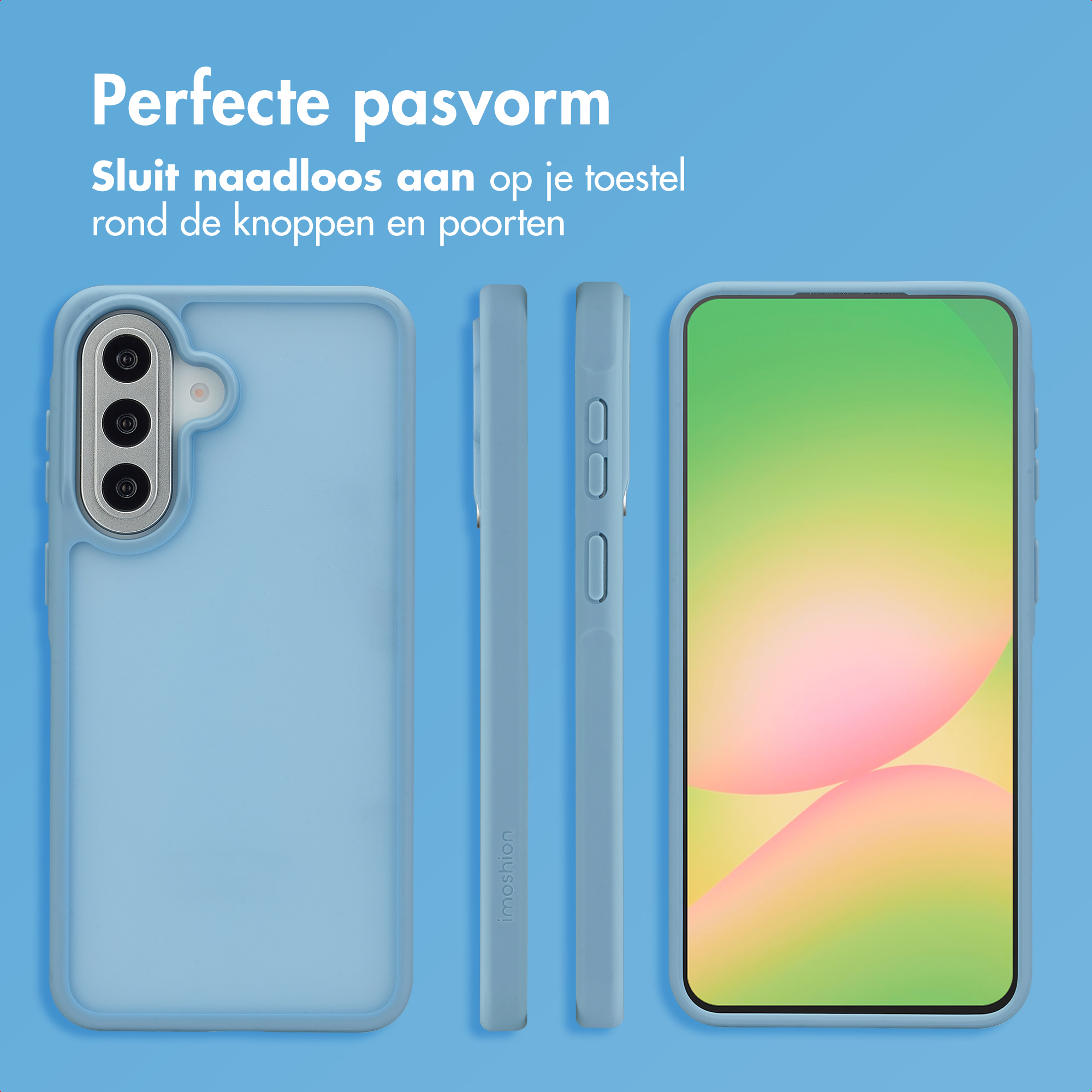 Coque de téléphone bleu clair vue arrière, latérale et avant avec écran.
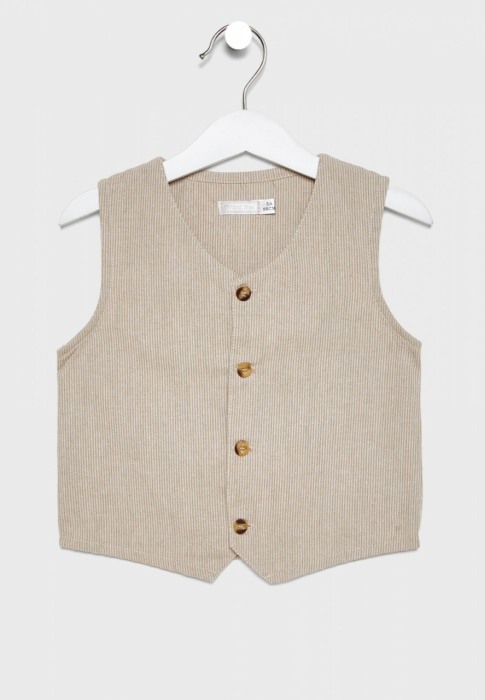 Set elegant in 3 piese baiat, camasa-vesta-pantaloni , bej, Babybol [2]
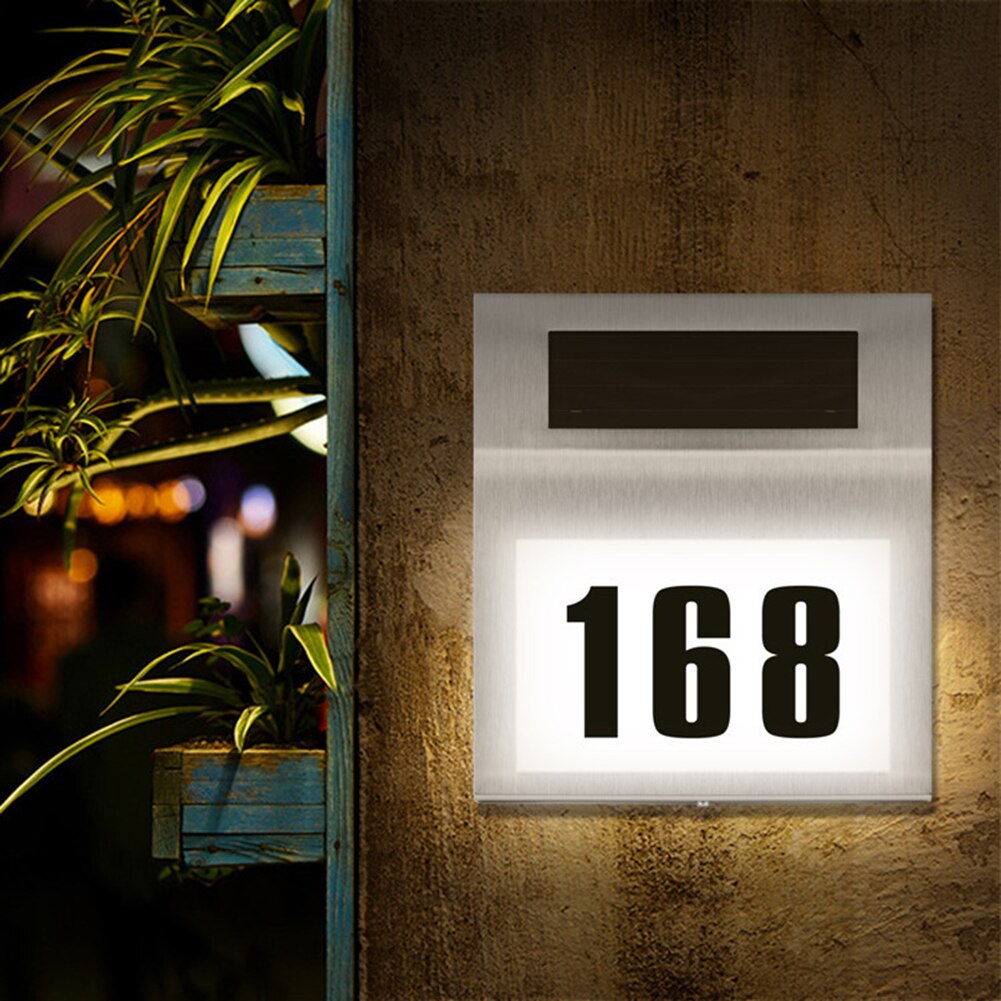 Waterproof Outdoor LED Solar Wall Light House Number Light Address Sign Illuminate for Home Garden Door Plate Wall Lamp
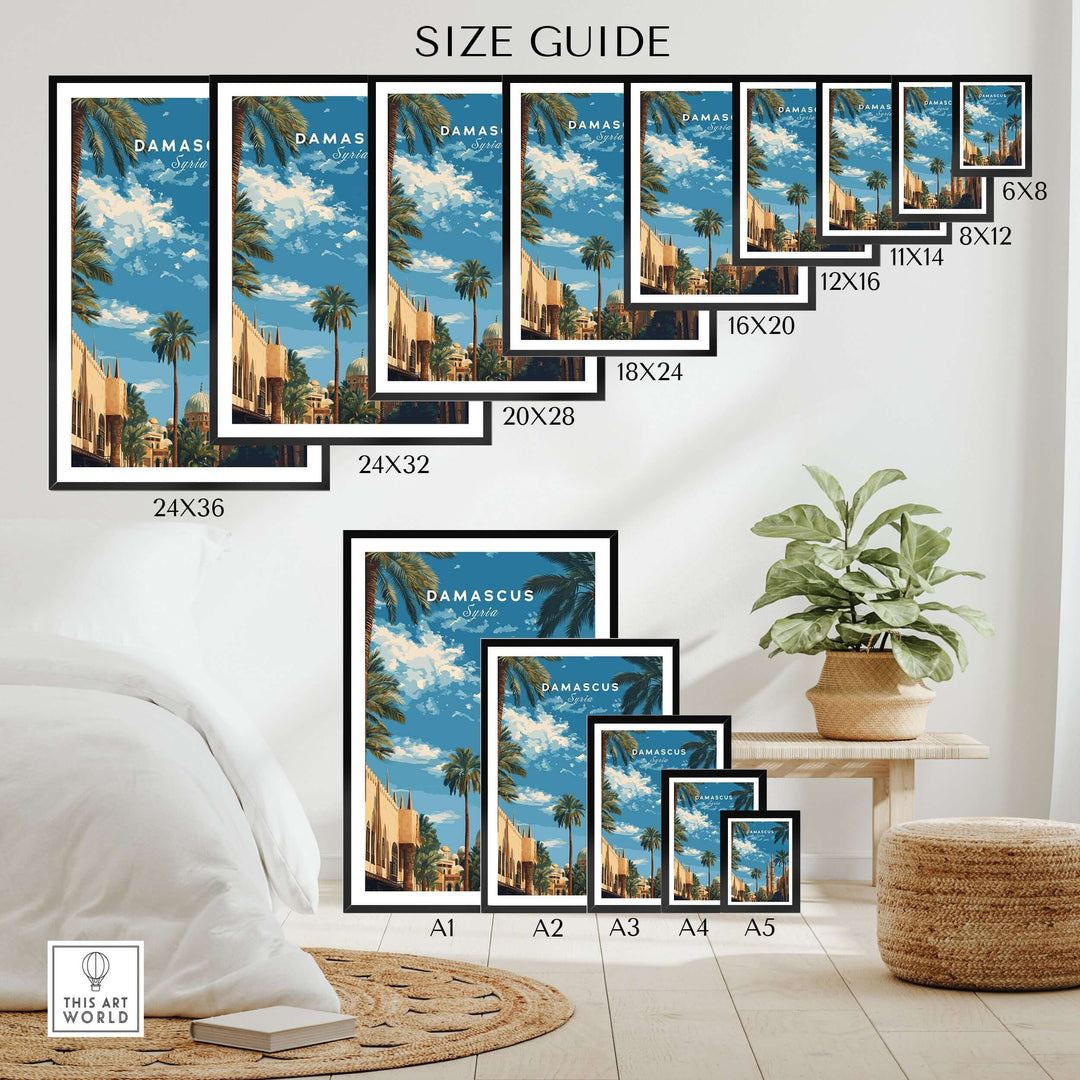 Size guide for Damascus travel poster prints in various dimensions displayed in a stylish living room setting.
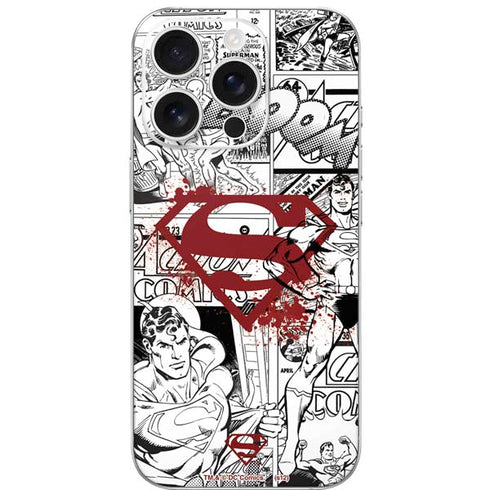 DC Comics Superman Comic Pattern Logo in Red iPhone 16 Pro Skin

*WORK REQUEST*: With the pictures left out, transcribe the material exactly.

*RESULT OF THE TASK*:
 Coque de téléphone bleu clair vue arrière, latérale et avant avec écran.
 Set elegant in 3 piese baiat, camasa-vesta-pantaloni , bej, Babybol [2]
 Waterproof Outdoor LED Solar Wall Light House Number Light Address Sign Illuminate for Home Garden Door Plate Wall Lamp
 Size guide for Damascus travel poster prints in various dimensions displayed in a stylish living room setting.
 DC Comics Superman Comic Pattern Logo in Red iPhone 16 Pro Skin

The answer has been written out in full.